I wrote last week about a bill pending in the Maryland House of Delegates that would authorize punitive damages against drunk drivers who caused “injury or wrongful death while operating a motor vehicle.” For whatever reason, the House of Delegates Judiciary Committee rejected the bill which means it is not happening.
I wrote this post originally in 2012. In 2018, this bill keeps getting held up. Last year, Senator Bobby Zurkin and others sponsored a bill that would allow for punitive damages if the drunk in question caused physical injury or death while driving with a BAC of .15, nearly twice the legal limit. The burden of proof would be higher — clear and convincing evidence — making the burden higher for plaintiffs. But the bill failed once again.

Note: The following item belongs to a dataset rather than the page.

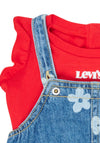Levis Baby Girls 2 Piece Dungaree Dress and T-Shirt, Red Denim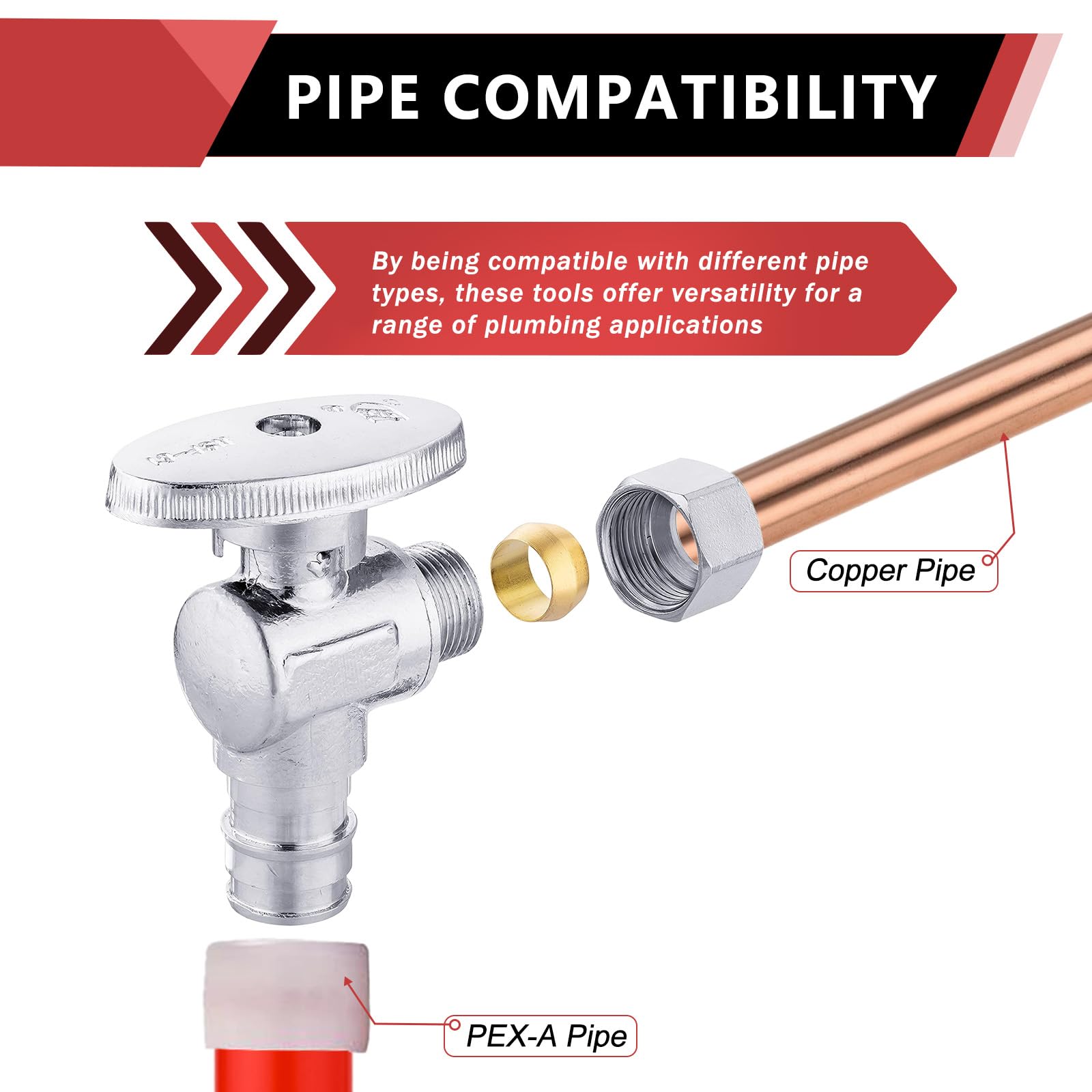 20 valvole di arresto EFIELD Pex-a 1/4 angolo di giro 1 cm OD compressione x 0,5 pollici espansione (F1960), ottone cromato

So the law in Maryland is that victims still cannot get punitive damage against a drunk driver no matter how drunk that driver was or how many people he harmed.
State Farm’s View
Who opposes punishing drunk drivers? State Farm. Their representative told Maryland legislatures that the punishment of drunk drivers is the province of the criminal justice system. I guess this view is based on the fact that the criminal system is doing such a good job as it is of deterring drunks, right? I mean, approximately 130 people in Maryland die every year from drunk drivers.
State Farm further argues that State Farm and other insurance companies will be required to pay more because automobile insurance companies would rather settle than risk a court-ordered award.

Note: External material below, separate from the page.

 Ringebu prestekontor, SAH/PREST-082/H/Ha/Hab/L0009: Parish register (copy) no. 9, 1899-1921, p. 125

So State Farm wants to protect its drunk drivers? That is a choice it could make. Or it could just defend the case on liability and let the drunk driver pick up the tab on the punitive damages. This is the very purpose of punitive damages.
Maryland’s Public Policy
Holding drunk drivers responsible for punitive damages just makes sense from a public policy standpoint. Is holding drunken drivers liable for punitive damages consistent with Maryland’s public policy on punitive damages?
In Zenobia v. Owens-Illinois, the court set out Maryland public policy governing the policy behind awards for punitive damages both for intentional and unintentional torts. The Court of Appeals in Zenobia found that punitive damages may only be awarded in cases where the defendant’s conduct is proved to having an intent described as “actual malice.” What is actual malice? It means that you had an evil motive, intent to injure, ill will, or fraud.

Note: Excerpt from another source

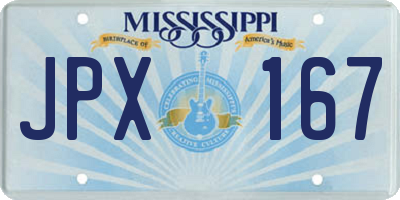 MS license plate JPX167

Drunk driving is not actual malice as defined in Zenobia. But judges made that law, not the Maryland legislature. How can we award punitive damages for fraud and not for killing a child because you made an affirmative choice to drive drunk? It makes little sense and the Maryland legislature needs to step up and do the right thing.
States That Allow Punitive Damages Against Drunk Drivers
Other states are onboard. To name just a few: Florida, Minnesota, Virginia, New Jersey, Wisconsin, North Carolina, Indiana, Kentucky, New York, Louisiana, and Mississippi. There are probably a ton more, this was 5 minutes of research.